Migita Kiyoshi, Iwanaga Nozomi, Izumi Yasumori, Kawahara Chieko, Kumagai Kenji, Nakamura Tadashi, Koga Tomohiro, Kawakami Atsushi
Department of Rheumatology, Fukushima Medical University, Hikarigaoka 1, Fukushima, 960-1295, Japan.
Department of Rheumatology and Clinical Research Center, NHO Nagasaki Medical Center, Omura, Nagasaki, Japan.
BMC Res Notes. 2017 Aug 14;10(1):403. doi: 10.1186/s13104-017-2715-5.
MicroRNAs (miRNAs) are important regulators of a variety of inflammatory mediators. The present study was undertaken to elucidate the role of miRNAs in the rheumatoid cytokine network.

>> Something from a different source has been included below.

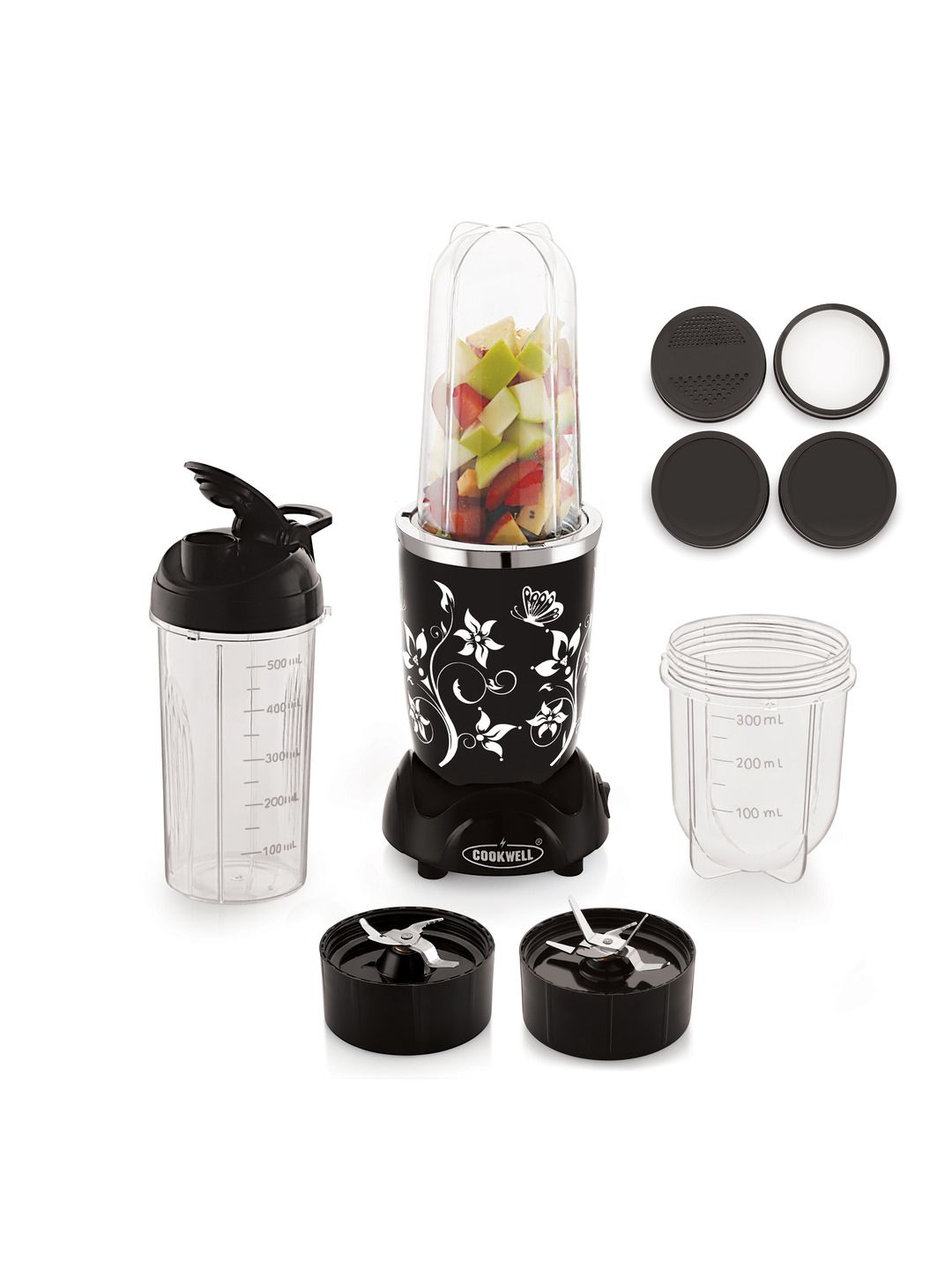 Cookwell Nutri Black Plastic Anti-Drip 3 Jars Wet and Dry Grinder with Juicer-500W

We analyzed miRNA expression in rheumatoid synovial fibroblasts (RASFs). miRNA array-based screening was used to identify miRNAs differentially expressed between tumor necrosis factor-α (TNF-α)-activated RASFs and untreated RASFs. Transfection of RASFs with miR-155 was used to analyze the function of miR-155. Real-time polymerase chain reaction (PCR) was used to measure the levels of miR-155 in RASFs.

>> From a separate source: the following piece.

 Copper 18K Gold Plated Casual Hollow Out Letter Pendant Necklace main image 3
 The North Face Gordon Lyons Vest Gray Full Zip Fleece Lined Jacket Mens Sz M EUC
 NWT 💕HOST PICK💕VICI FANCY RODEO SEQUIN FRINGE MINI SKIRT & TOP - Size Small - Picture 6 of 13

miRNA microarray analysis revealed that miR-155-5p was the most highly induced miRNA in TNF-α-stimulated RASFs. TNF-α-induced miR-155 expression in RASFs was time-dependent and TNFα dose-dependent, whereas, IL-6 stimulation did not affect miR-155 expression in RASFs. Transfection of miR-155 mimics into RASFs resulted in the decrease JAK2/STAT3 phosphorylation in IL-6-treated RASFs.
The current results demonstrate that TNF-α modulated miRNA expressions in RASFs. Our data showed that miR-155, which is highly induced by TNF-α stimulation, inhibits IL-6-mediated JAK2/STAT3 activation in RASFs. These findings suggest that miR-155 contributes to the cross-regulation between TNF-α and IL-6-mediated inflammatory pathways in RA.
微小RNA(miRNA)是多种炎症介质的重要调节因子。本研究旨在阐明miRNA在类风湿细胞因子网络中的作用。
我们分析了类风湿性滑膜成纤维细胞(RASF)中的miRNA表达。基于miRNA芯片的筛选用于鉴定肿瘤坏死因子-α(TNF-α)激活的RASF与未处理的RASF之间差异表达的miRNA。用miR-155转染RASF以分析miR-155的功能。实时聚合酶链反应(PCR)用于测量RASF中miR-155的水平。
miRNA芯片分析显示,miR-155-5p是TNF-α刺激的RASF中诱导程度最高的miRNA。TNF-α诱导RASF中miR-155的表达呈时间依赖性和TNFα剂量依赖性,而IL-6刺激不影响RASF中miR-155的表达。将miR-155模拟物转染到RASF中导致IL-6处理的RASF中JAK2/STAT3磷酸化降低。
目前的结果表明TNF-α调节RASF中的miRNA表达。我们的数据表明,TNF-α刺激高度诱导的miR-155抑制RASF中IL-6介导的JAK2/STAT3激活。这些发现表明miR-155有助于类风湿关节炎中TNF-α和IL-6介导的炎症途径之间的交叉调节。